One of the most popular places in Washington for a swank, black-tie event is the National Building Museum. On Wednesday night, the museum decorated tables in its Great Hall with heavy purple damask, enlisted a few dancers to wiggle through the crowd and hired the New Orleans Habitat Musicians’ Village group to send some Big Easy sounds through the cavernous main floor.
This night the Building Museum reserved the space for itself. Each year, for the last 25, the museum holds an Honor Award evening where an individual or group is cited for advancing the building arts and improving their communities. To mark the quarter century, David Rockwell, the award-winning designer and architecture, talked about the value of play in building all environments. He invited the 600 guests to push on iPad-embedded pedestals and design a skyline on a huge suspended lamp-shade shaped screen.
It’s the museum’s most important fund-raiser of the year, said Chase W. Rynd, the president and executive director. And it brings in new supporters, highlights achievements of its members and shows off the Great Hall . Rentals of the historic space account for 25 percent of the museum’s annual budget, which this fiscal year the budget is $8 million. The take from this year’s fund-raiser was more important than ever.
When Rynd addressed his guests, he reminded them of the impact of the loss of the National Capital Art and Culture Affairs program money. The museum had received $369,000 in fiscal 2010. In a move that caught many local groups off-guard, Congress cut the program from $9 million to $2 million in the final 2011 numbers. As a result, this year the museum is getting $105,000, Rynd confirmed.
“One thing that hasn’t quite registered is the notice about this tremendous reduction in those grants happened in the mid-budget year,” said Rynd, noting the 20-plus groups effected are all having to scramble to make up for the shortfall.

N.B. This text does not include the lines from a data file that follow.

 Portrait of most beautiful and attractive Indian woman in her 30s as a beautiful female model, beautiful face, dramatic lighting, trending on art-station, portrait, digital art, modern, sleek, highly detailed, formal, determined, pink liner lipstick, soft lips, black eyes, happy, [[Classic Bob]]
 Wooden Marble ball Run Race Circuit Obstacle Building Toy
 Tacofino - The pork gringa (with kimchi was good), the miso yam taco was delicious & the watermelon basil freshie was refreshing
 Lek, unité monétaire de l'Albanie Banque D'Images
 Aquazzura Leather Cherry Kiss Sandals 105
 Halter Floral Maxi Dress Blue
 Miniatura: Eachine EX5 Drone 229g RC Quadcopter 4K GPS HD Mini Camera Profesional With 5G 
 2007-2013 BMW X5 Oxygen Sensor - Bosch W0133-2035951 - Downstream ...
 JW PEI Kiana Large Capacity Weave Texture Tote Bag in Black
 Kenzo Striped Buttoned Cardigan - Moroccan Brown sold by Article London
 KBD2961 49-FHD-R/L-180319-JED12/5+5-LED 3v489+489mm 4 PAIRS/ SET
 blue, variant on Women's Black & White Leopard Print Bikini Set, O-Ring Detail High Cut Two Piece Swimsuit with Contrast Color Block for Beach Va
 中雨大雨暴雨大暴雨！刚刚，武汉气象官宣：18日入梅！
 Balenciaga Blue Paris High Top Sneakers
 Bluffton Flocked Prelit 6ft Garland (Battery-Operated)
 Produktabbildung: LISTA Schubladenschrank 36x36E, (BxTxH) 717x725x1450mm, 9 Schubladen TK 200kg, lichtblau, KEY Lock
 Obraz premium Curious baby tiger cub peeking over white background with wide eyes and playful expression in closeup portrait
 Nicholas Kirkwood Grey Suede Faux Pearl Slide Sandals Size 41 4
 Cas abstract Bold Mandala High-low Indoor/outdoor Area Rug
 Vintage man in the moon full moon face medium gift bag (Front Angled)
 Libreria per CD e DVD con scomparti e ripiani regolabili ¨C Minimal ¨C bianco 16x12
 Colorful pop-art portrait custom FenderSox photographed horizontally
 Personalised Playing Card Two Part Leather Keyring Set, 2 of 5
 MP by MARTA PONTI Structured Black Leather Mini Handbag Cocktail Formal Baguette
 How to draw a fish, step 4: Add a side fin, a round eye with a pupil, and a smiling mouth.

“This is the most important kind of money, and in many ways the hardest to raise, the unrestricted needs. It is so much easier to raise money for specific projects, like youth education. But if you don’t support the infrastructure you can’t have the other programs,” he said. For example the museum received a $60,000 grant from the National Endowment for the Arts this week but that can only be used for a specific exhibition.
After learning of the Capital Art fund’s reduction, Rynd said the staff put all its energy into the Honor Award fund-raiser, setting a goal of $1 million. As of Wednesday they had $816,000. “I think there were people who were more generous because they knew of the National Capital fund loss and they are people who understand the value of the cultural community.”